Could you retype the whole listing word for word and drop the images?
___ SUPPLIED INFORMATION ___
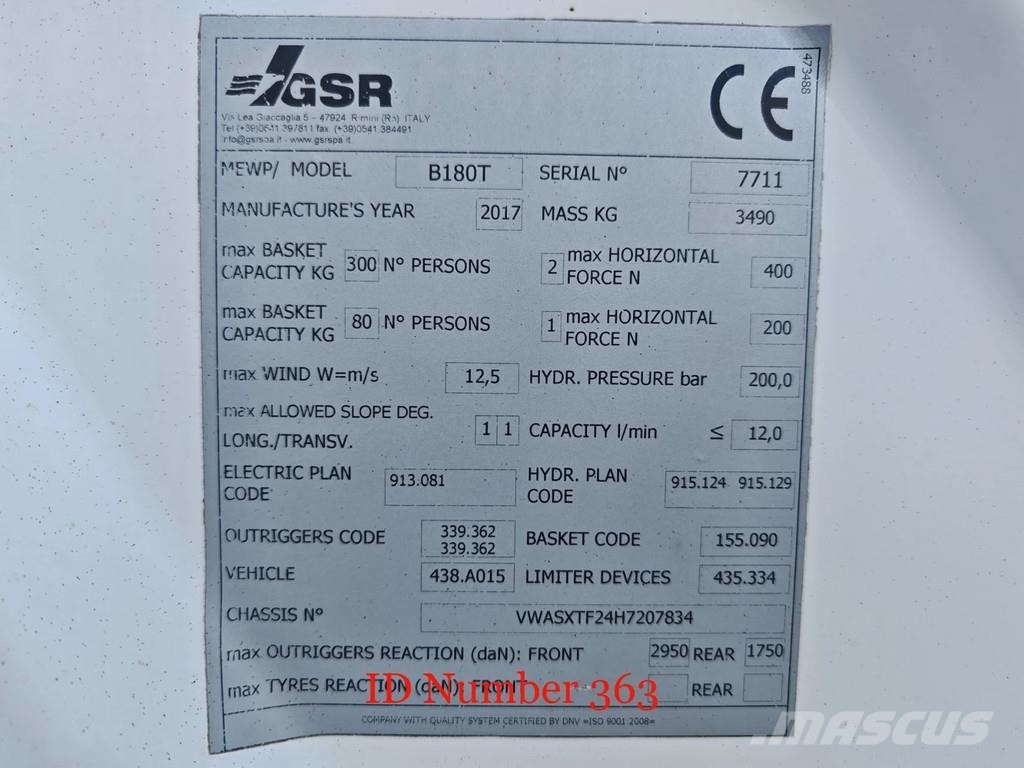 Nissan Cabstar 35.13 NT400 GSR B180T 트럭 탑재 고소작업대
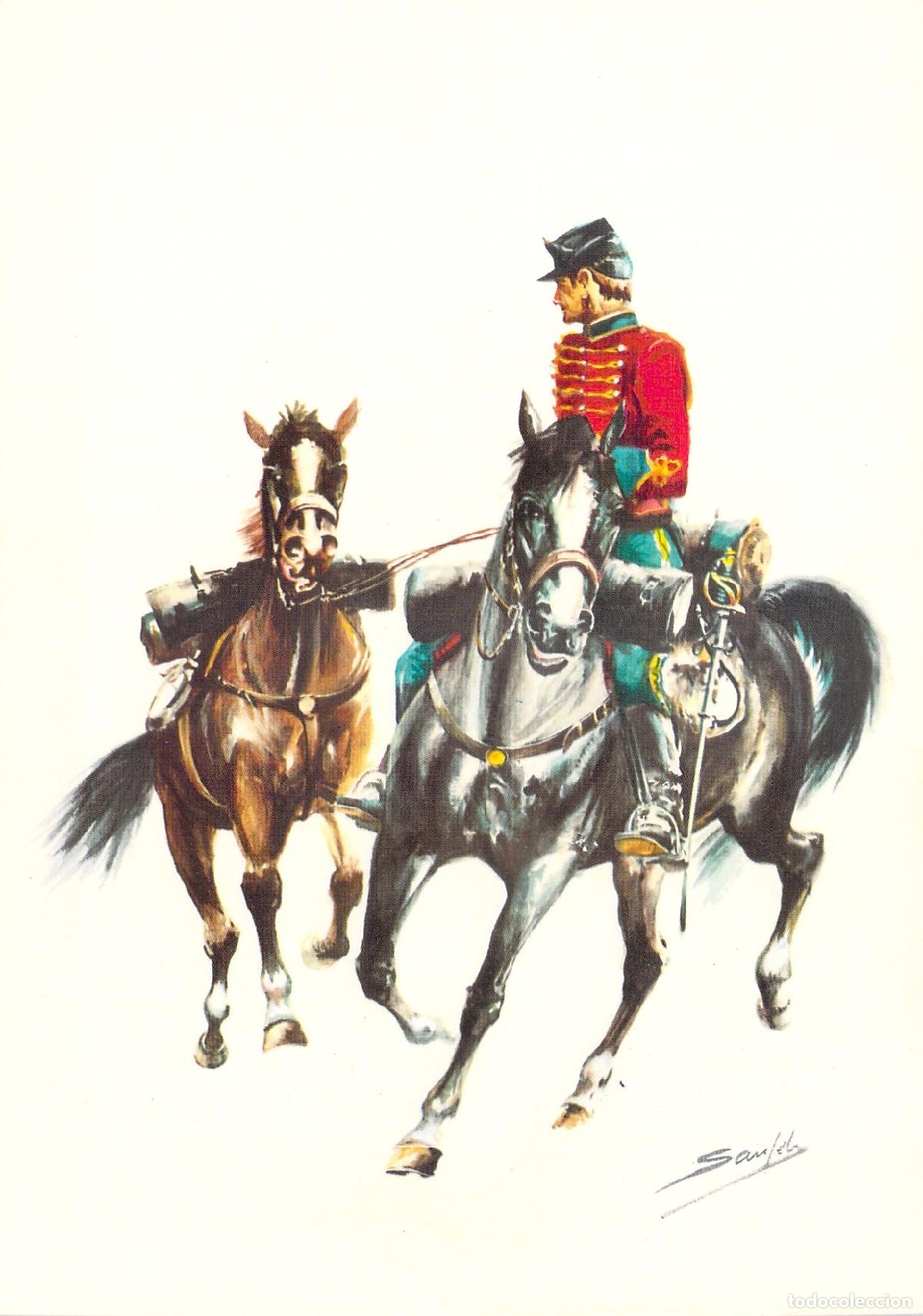 Postales: Postal de Uniforme del Regimiento de H&uacute;sares de Pav&iacute;a del Ej&eacute;rcito Espa&ntilde;ol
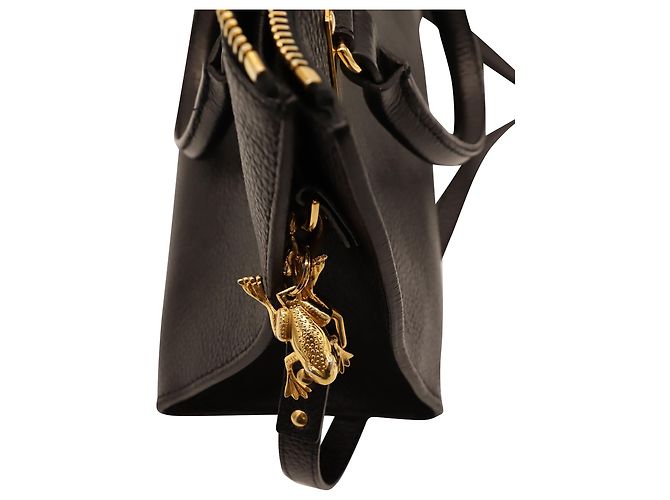 Sophie Hulme Stamped Zip-Top Bowling Bag in Black Leather - view 7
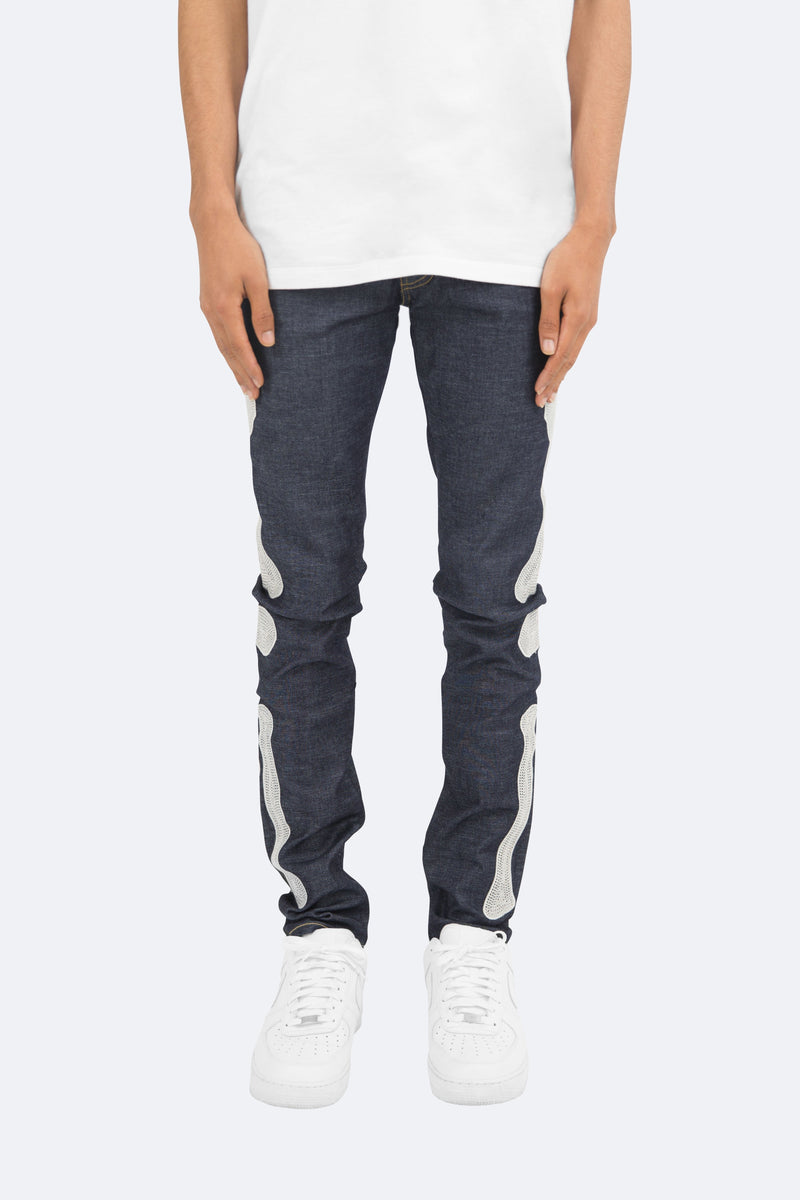 X199 Stretch Skeleton Denim - Raw Blue | mnml | shop now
___
» **WRITTEN REPLY**:
 Nissan Cabstar 35.13 NT400 GSR B180T 트럭 탑재 고소작업대
 Postales: Postal de Uniforme del Regimiento de H&uacute;sares de Pav&iacute;a del Ej&eacute;rcito Espa&ntilde;ol
 Sophie Hulme Stamped Zip-Top Bowling Bag in Black Leather - view 7
 X199 Stretch Skeleton Denim - Raw Blue | mnml | shop now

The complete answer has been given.